• [BRIEF]:
Copy, word for word, the lines below from the one containing "ดอกไม้กระดาษสา ดอกไม้กระดาษสาราคาส่ง ดอกไม้กระดาษสำหรับตกแต่ง" up to and including the one containing "Ny blogg och nya möjligheter", with pictures left out.

• [DATA FOR THIS EXERCISE]:
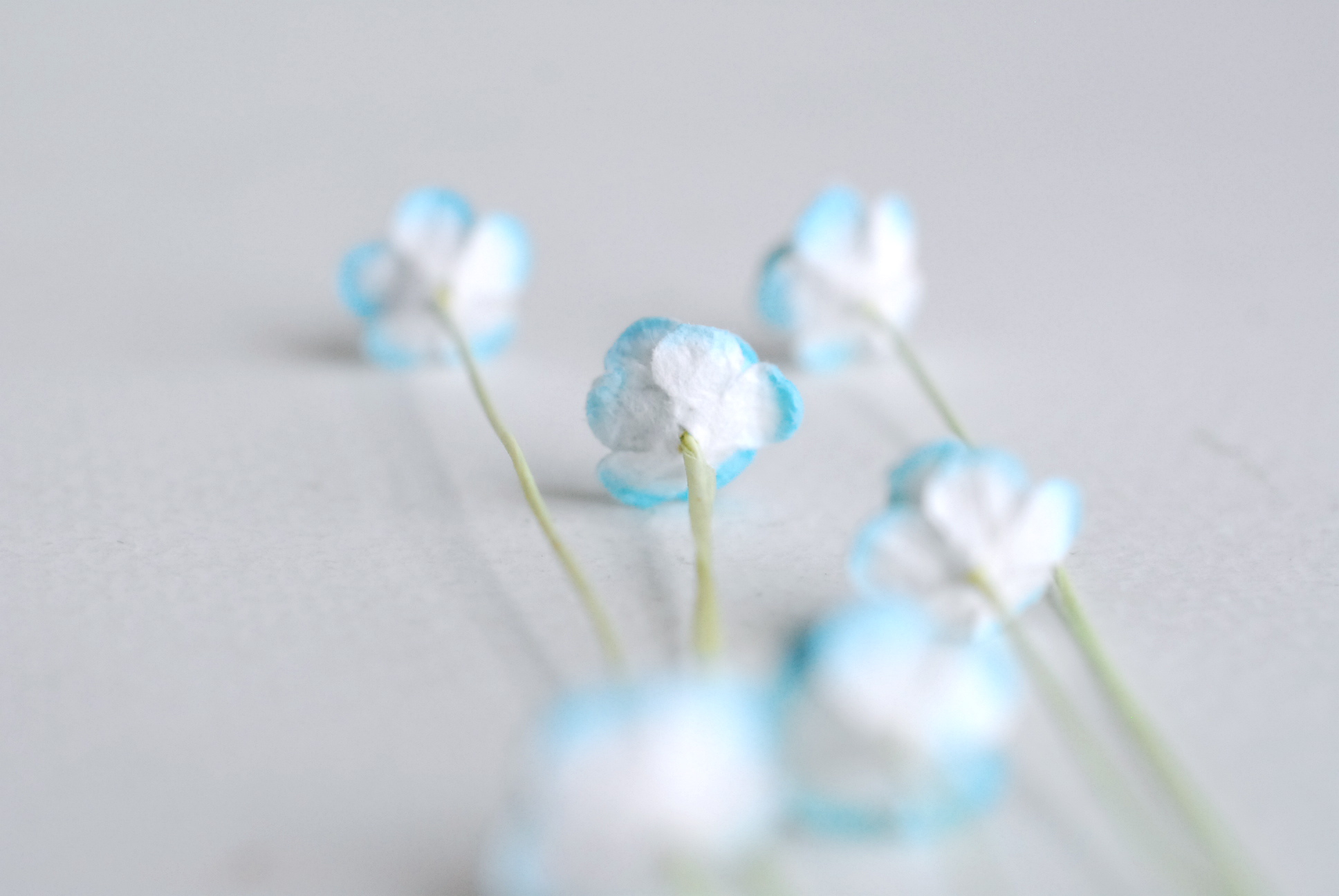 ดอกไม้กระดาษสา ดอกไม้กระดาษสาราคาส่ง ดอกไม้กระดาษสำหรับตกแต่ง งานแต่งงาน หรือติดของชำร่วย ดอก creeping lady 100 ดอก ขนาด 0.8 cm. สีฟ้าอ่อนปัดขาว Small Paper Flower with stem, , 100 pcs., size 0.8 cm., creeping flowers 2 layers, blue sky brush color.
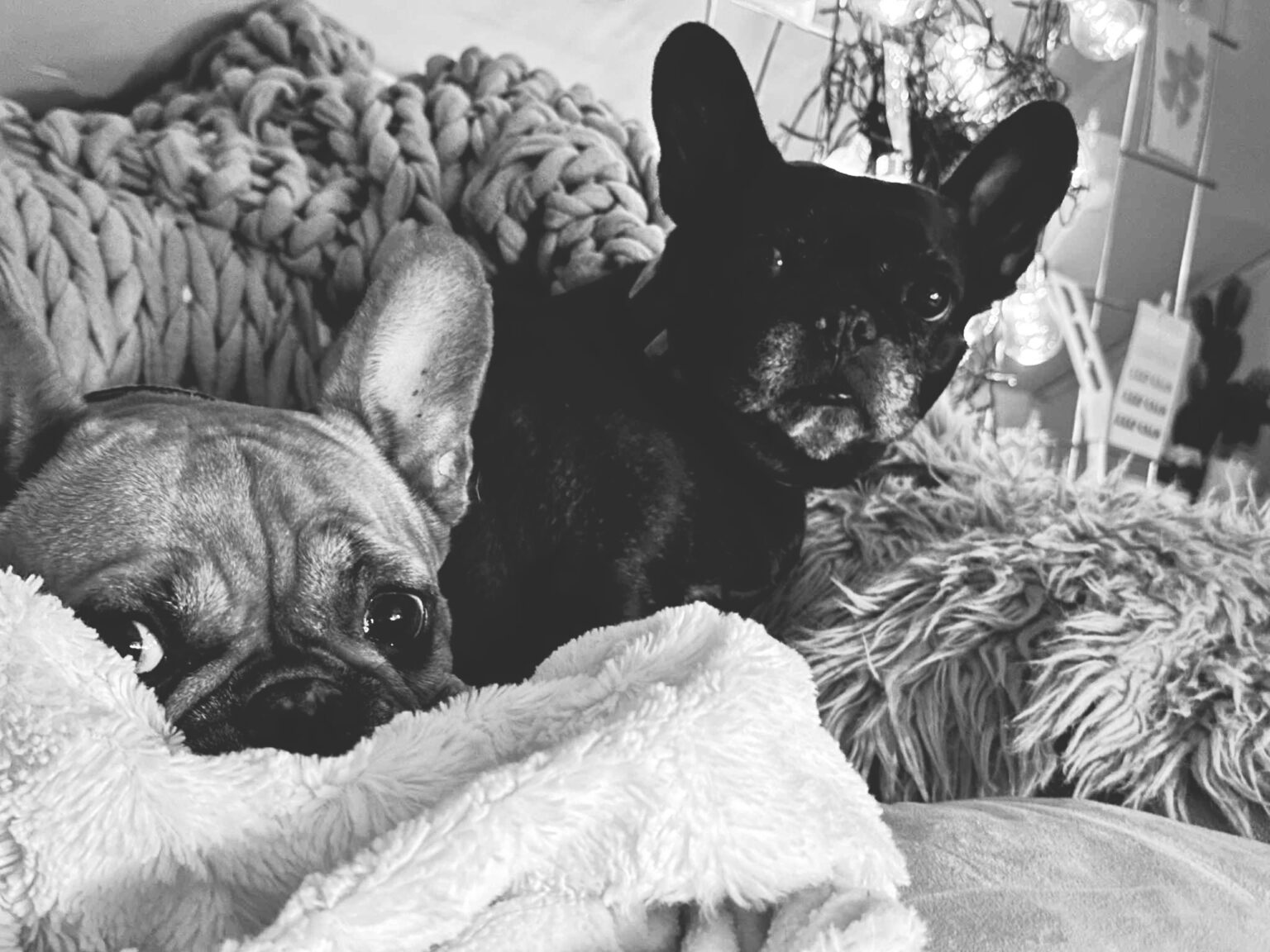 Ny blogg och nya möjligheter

==

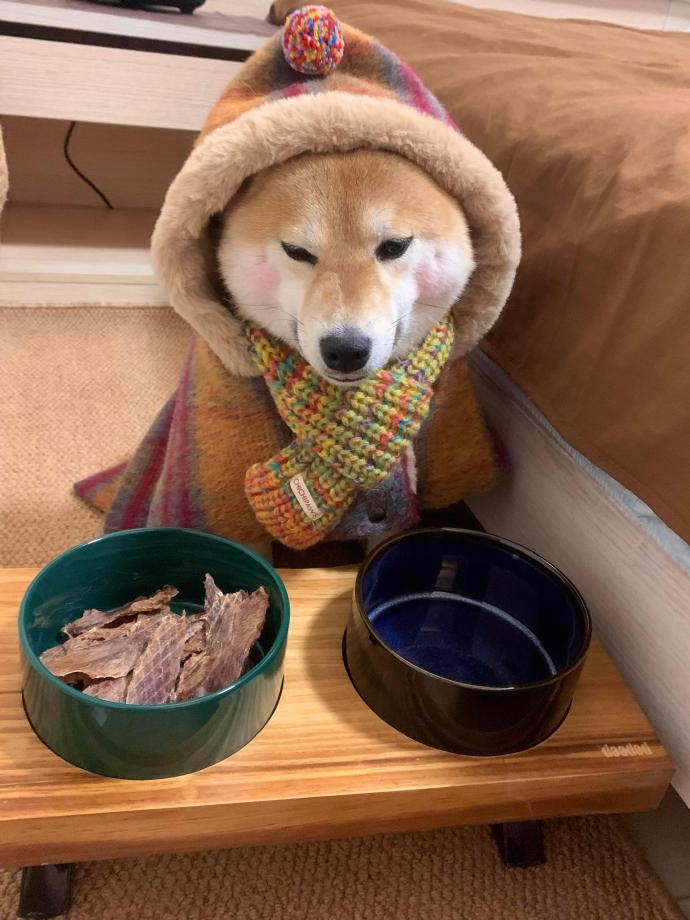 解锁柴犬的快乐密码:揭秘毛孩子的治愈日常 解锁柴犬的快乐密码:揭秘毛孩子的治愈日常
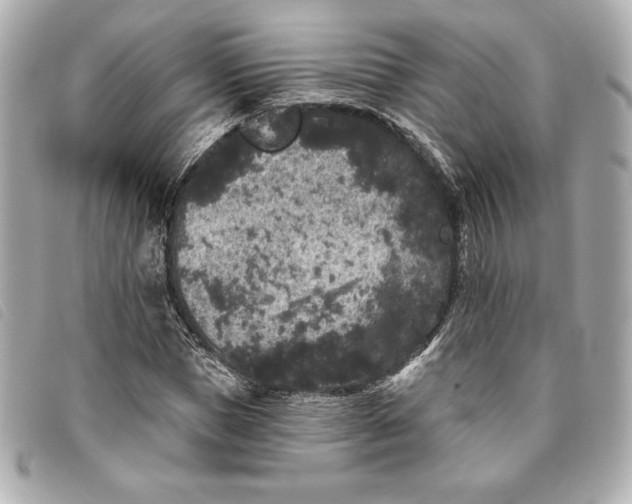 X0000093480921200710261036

==

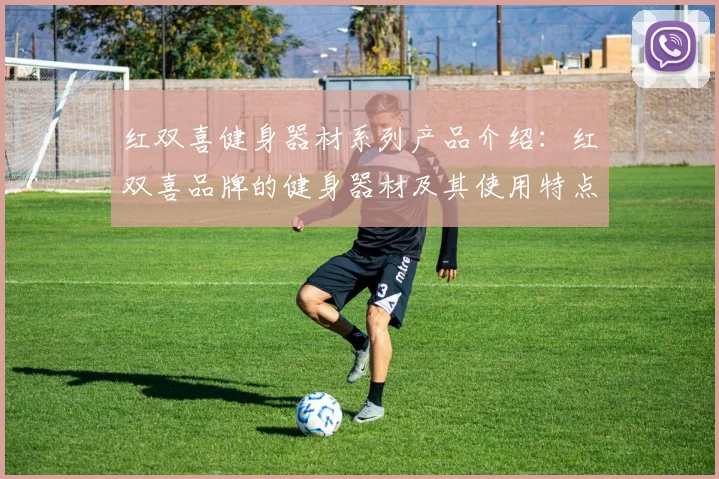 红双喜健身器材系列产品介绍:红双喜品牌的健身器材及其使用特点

• [TASK SOLUTION]:
 ดอกไม้กระดาษสา ดอกไม้กระดาษสาราคาส่ง ดอกไม้กระดาษสำหรับตกแต่ง งานแต่งงาน หรือติดของชำร่วย ดอก creeping lady 100 ดอก ขนาด 0.8 cm. สีฟ้าอ่อนปัดขาว Small Paper Flower with stem, , 100 pcs., size 0.8 cm., creeping flowers 2 layers, blue sky brush color.
 Ny blogg och nya möjligheter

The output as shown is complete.